Renn steps closer. “External comms are pinging us. Alliance wants custody. IHC wants custody. Both are using polite words.”
“Polite words mean they’re scared,” I reply.
A captain on comms—off-screen—pipes in, nervous. “Boss, if we don’t hand him over, we’re going to have both institutions labeling us an armed criminal fleet—”
“We already are an armed criminal fleet,” I cut in. “The difference is now we’re an armed criminal fleet holding a monster on record.”
Renn watches me, cautious. “We can’t keep him forever.”
“No,” I agree. “We keep him long enough to force terms.”
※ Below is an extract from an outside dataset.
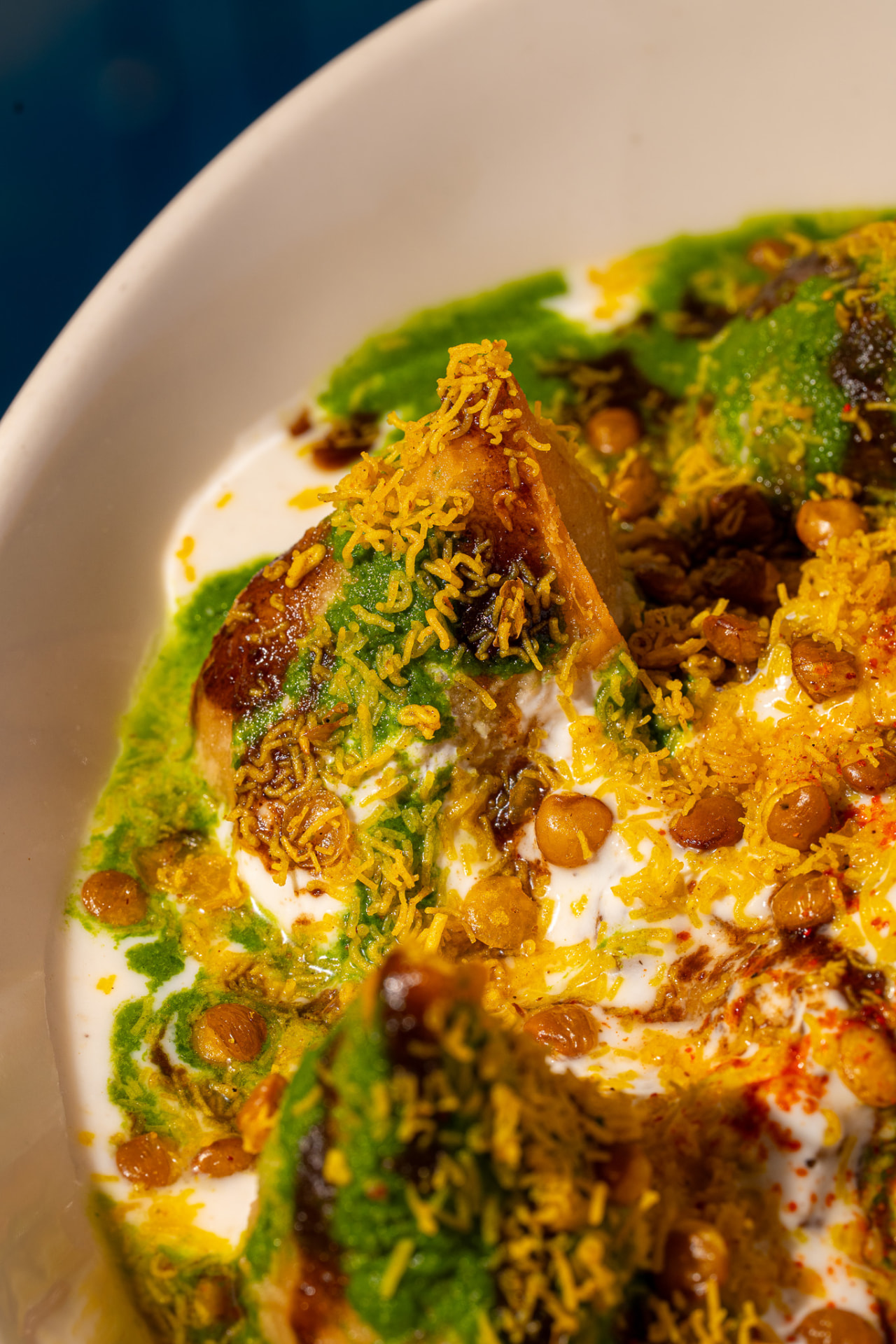 Samosa Chaat, macro on a samosa piece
Mira’s eyes flick up. “Terms?”
I turn, letting the bridge see my face. “Chain-of-custody and public visibility. He doesn’t disappear into a back room. He doesn’t die in transit. He doesn’t get ‘lost’ in a jurisdictional argument.”
Renn nods. “So what’s the play?”
I let the answer land clean.
“We give him to both,” I say.
Jessa blinks. “That’s not—”
“It is,” I say. “We stage the handoff in a shared jurisdiction corridor. We lock the camera feeds open. We make Alliance and IHC sign a joint custody acknowledgement on record, with civilian nodes watching.”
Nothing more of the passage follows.